Es la negación de que exista una verdad sobre el hombre sin que no sea una simple creación de la libertad del hombre: es el gran tema de la Veritatis splendor. Es el puro relativismo la verdadera enfermedad mortal de nuestra cultura. ¿Por qué? Porque si yo elevo mi libertad a ser como norma suprema de lo que es verdadero o falso, si niego que antes de mi libertad nada pueda existir que la juzgue, el hombre se encierra en la prisión de su subjetividad, dentro de la cual no puede encontrar más que la muerte espiritual. Es como si uno cosiera, pero sin hacer ningún nudo al hilo; continua dando vueltas sin concluir nada. Esta es la esencia de la desesperación.
3. 3. El rechazo del misterio. La última observación nos introduce en un tercer momento de nuestra lectura crítica. “El racionalismo moderno no soporta el misterio. No acepta el misterio del hombre, macho y hembra, ni siquiera quiere reconocer que la verdad plena sobre el hombre ha sido revelada en Jesucristo” (Carta a las Familias, 19).
La Iglesia, e incluso la recta razón, han percibido siempre en la sexualidad humana, en el amor, en el matrimonio, la presencia de una realidad, que no era simplemente humana. Una realidad que pedía ser respetada, venerada. El resultado es la imposibilidad de lo imprevisto, de lo nuevo. Esto es: el aburrimiento. Y entonces se comprende cómo la cultura moderna tenga necesidad de todo un sistema de estímulos cada vez más fuertes para vivir la sexualidad: esta es un bien de consumo que, usado, engendra solo aburrimiento.

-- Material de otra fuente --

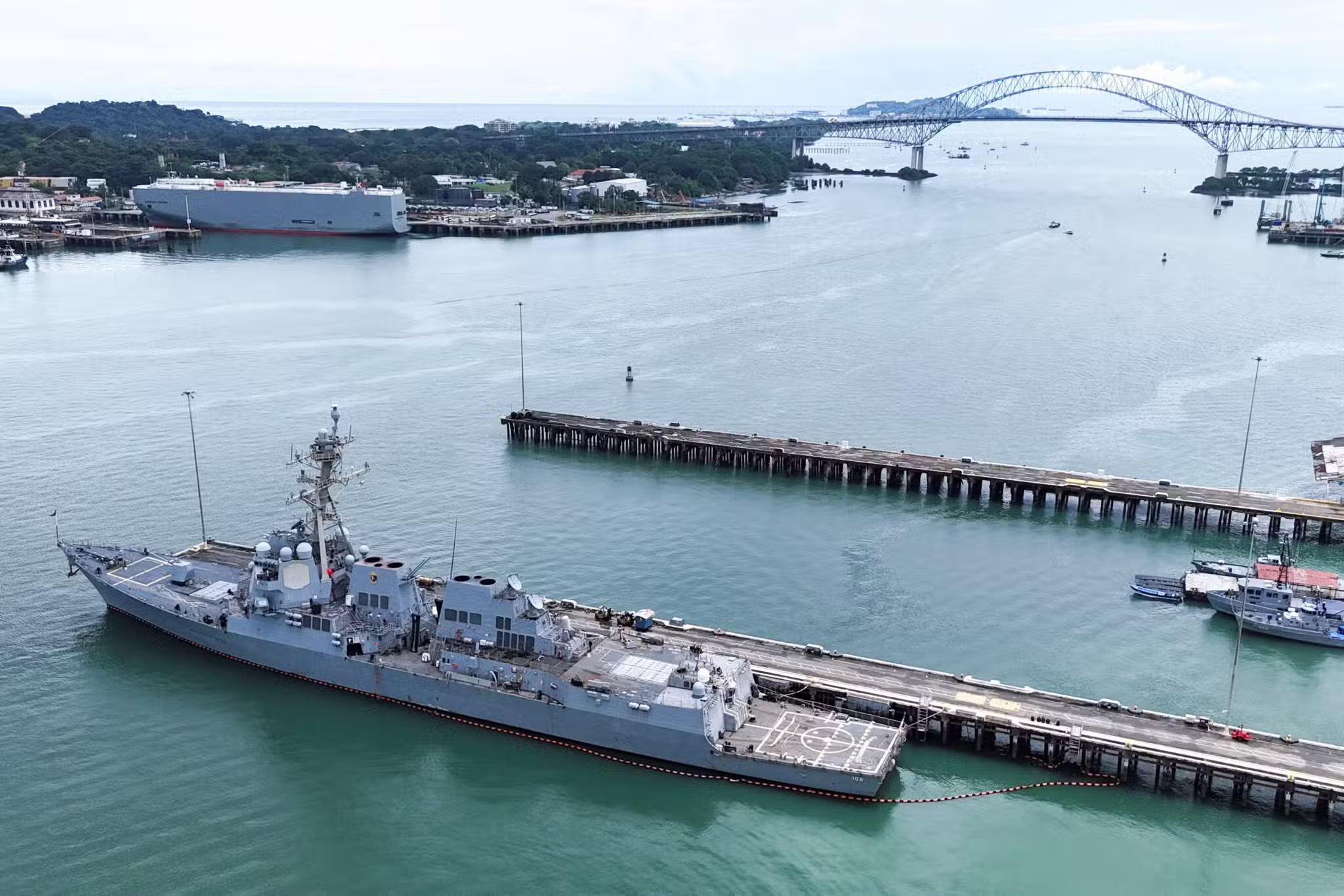 Navy guided missile destroyer USS Stockdale DDG-106 docks at the Frigate Captain Noel Antonio Rodriguez Justavino Naval Base near the entrance to the Panama Canal, in Panama City Sept. 21, 2025.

En esta situación cultural se les pide a los esposos cristianos una gran vigilancia para “no conformarse a la mentalidad de este mundo”, a fin de ejercitar siempre una profunda crítica, más con los hechos que con las palabras, frente a esta cultura. Es, sobre todo, con la educación de la conciencia hacia la verdad del Misterio, como se puede transformar esta situación.

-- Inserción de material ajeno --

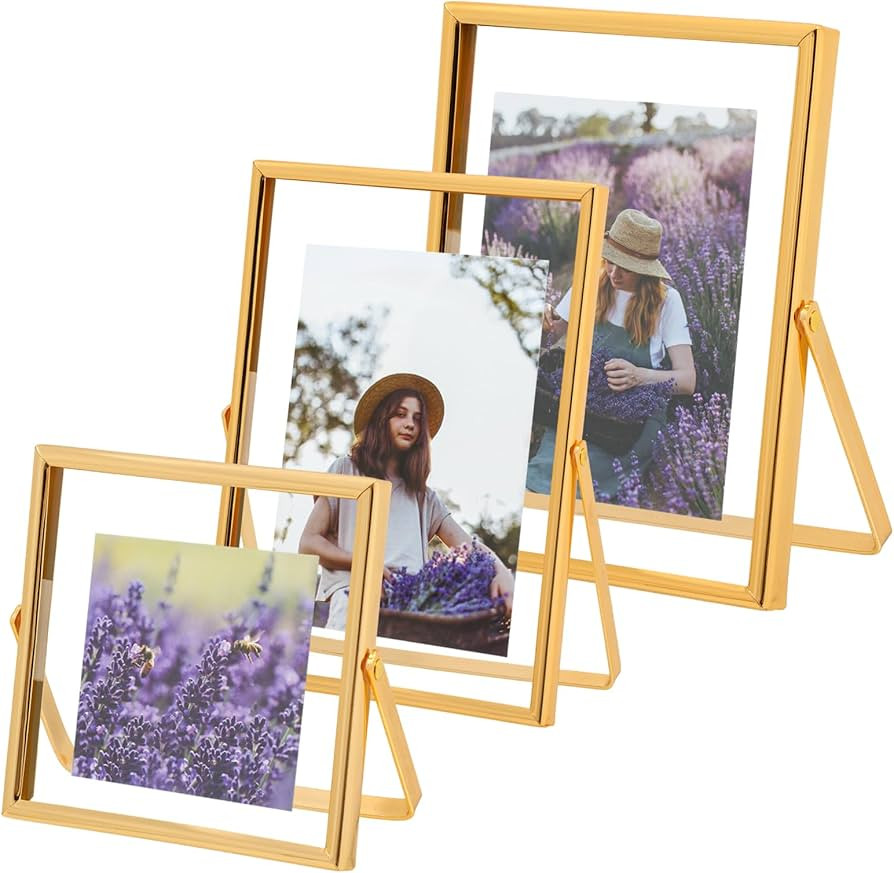 Fixwal Gold Floating Picture Frame Set of 3, Gold Metal Display Frame, Tempered Glass Photo Frame... | Amazon (US)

Llegado a este punto mi reflexión debe concluir, ya que otras reflexiones son necesarias para ayudar a los esposos a dar cuerpo en este mundo al “gran misterio” de su matrimonio: la reflexión política, social, económica.
CONCLUSIÓN
Dice una oración litúrgica: Infunde sobre ellos (los esposos) la gracia del Espíritu Santo, a fin de que en virtud de tu amor derramado en sus corazones, perseveren fieles en la alianza conyugal”. Este es el gran milagro que todavía puede desconcertar al mundo: la efusión del Espíritu que haga que el hombre y la mujer sean capaces de amar. Allí donde existe el verdadero amor, el hombre y la mujer descubren el Misterio mismo de Dios y hacen resplandecer la única Belleza verdadera, que atrae al hombre hacia la Salvación.